Problem statement - Copy exactly, and copy nothing else: the line that contains "Calvin Klein Women's" and all lines after it in the listing, without pictures.

Records for this exercise -
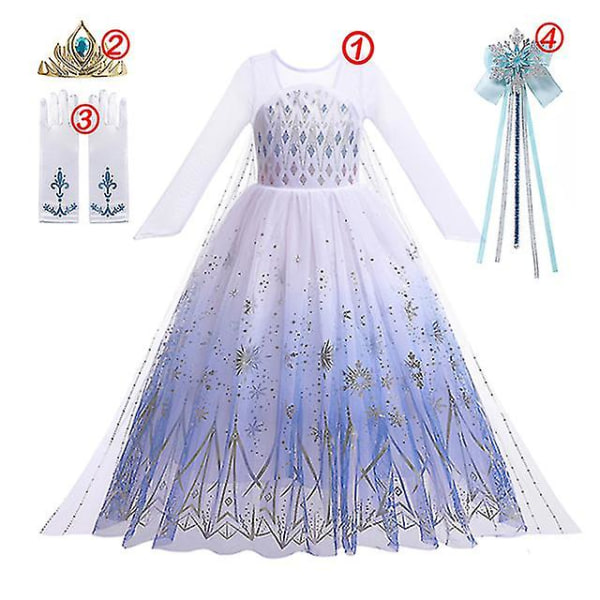 Elsa prinsessekjole til jente Høy kvalitet hvit paljettnetting ballkjole karnevalsklær Barn cosplay Snow Queen Frozen 2 kostyme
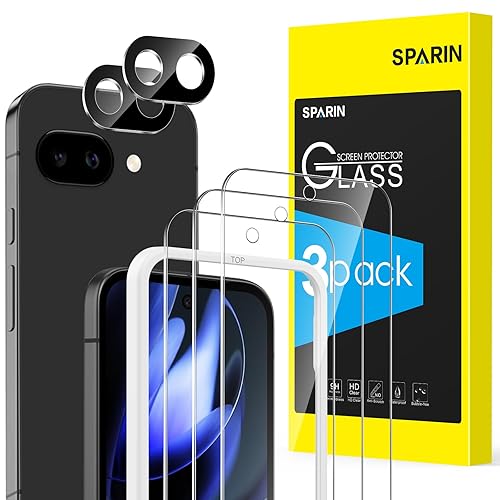 SPARIN Screen Protector for Google Pixel 9A,[3+2 Pack] Pixel 9A 6.3 Inch Tempered Glass & 2-Pack Camera Lens Protector, Case Friendly/Alignment Frame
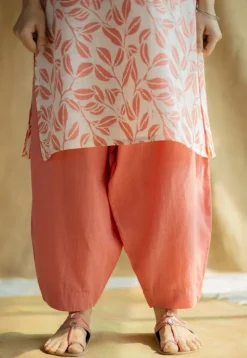 Avika Coral Hand Block Print Slub Cotton Straight Kurta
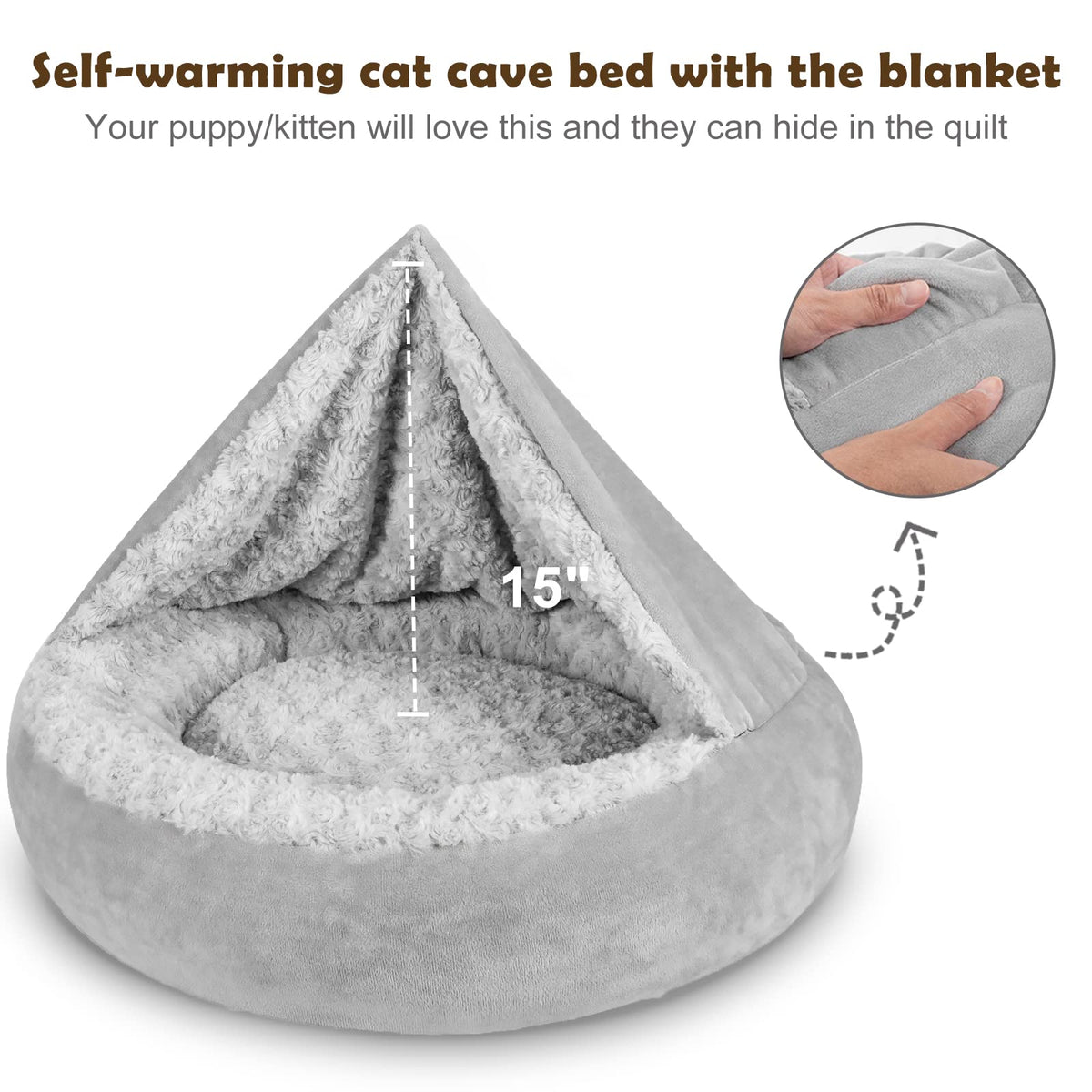 Hooded Blanket Donut Round Dog Bed 23 inch P502
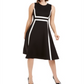 Calvin Klein Women's Colorblock Sleeveless Fit Flare Dress Black Size 2
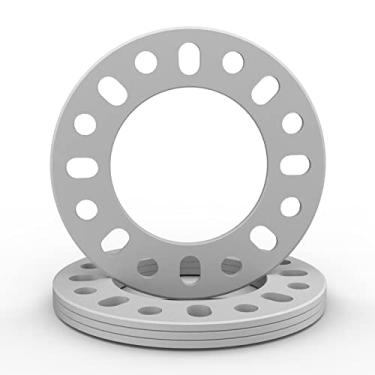 Imagem de WHEEL CONNECT Espaçador leve de roda de caminhão, 6 mm de espessura (1/4"), ajuste padrão de parafuso 8 x 165,1, 8 x 170, 8 x 180, alumínio fundido, pacote com 4.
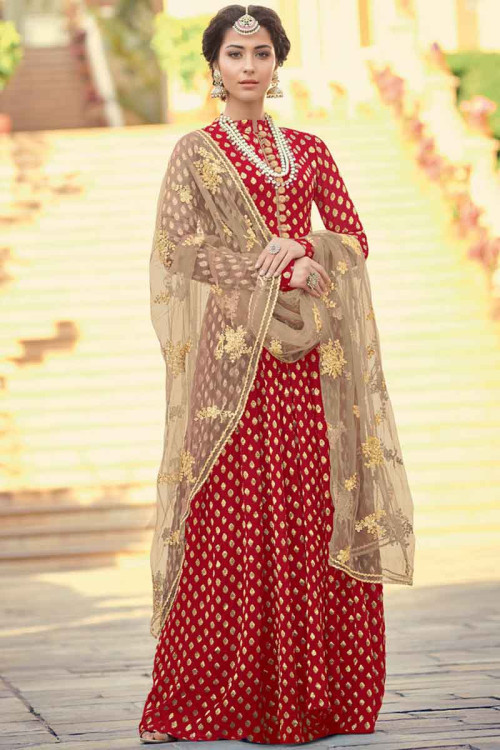 Red Silk Anarkali Suit With Resham Work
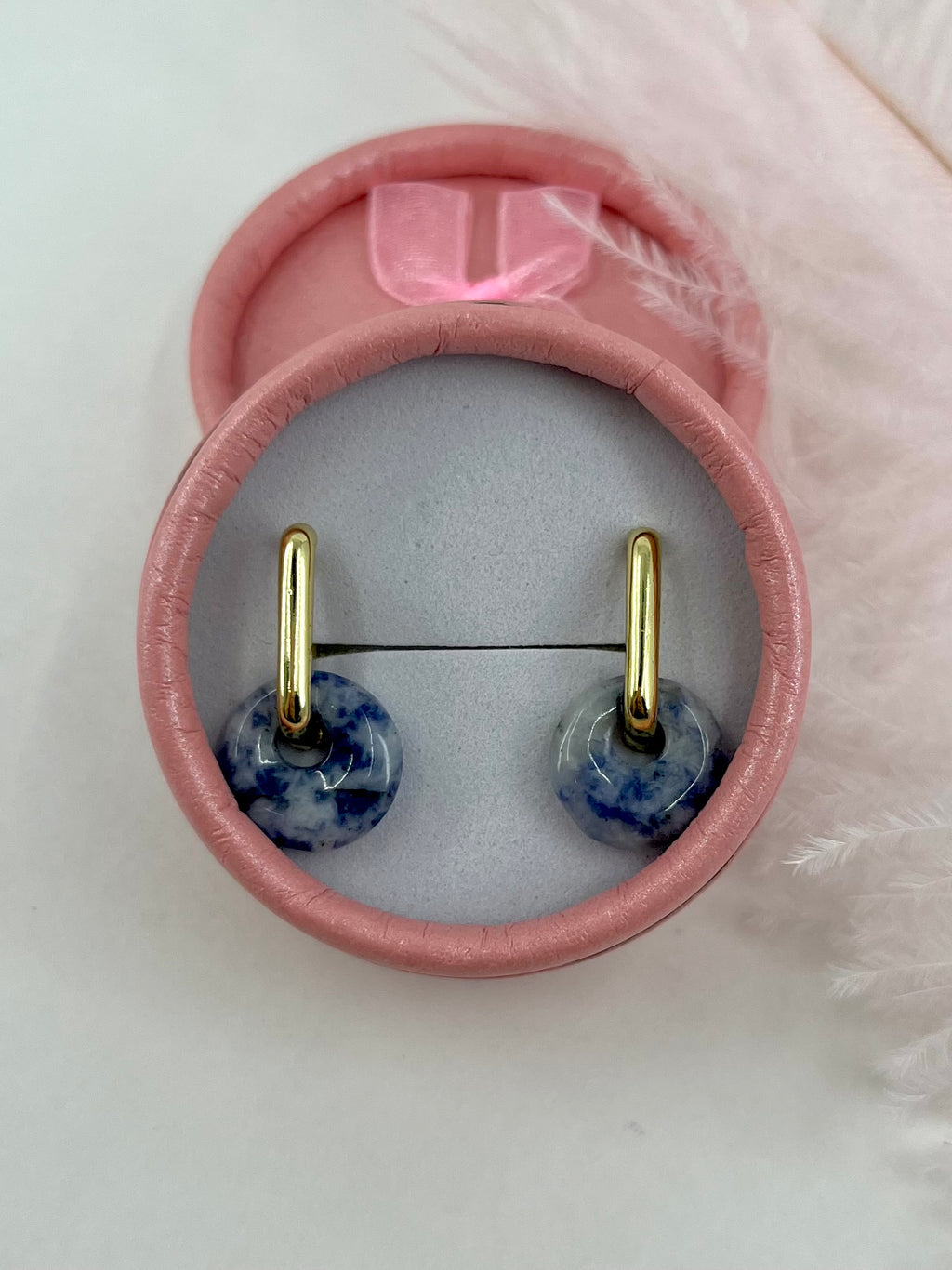 Blue spot jasper donut Earrings, 18K Gold Plated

Exercise result -
 Calvin Klein Women's Colorblock Sleeveless Fit Flare Dress Black Size 2
 Imagem de WHEEL CONNECT Espaçador leve de roda de caminhão, 6 mm de espessura (1/4"), ajuste padrão de parafuso 8 x 165,1, 8 x 170, 8 x 180, alumínio fundido, pacote com 4.
 Red Silk Anarkali Suit With Resham Work
 Blue spot jasper donut Earrings, 18K Gold Plated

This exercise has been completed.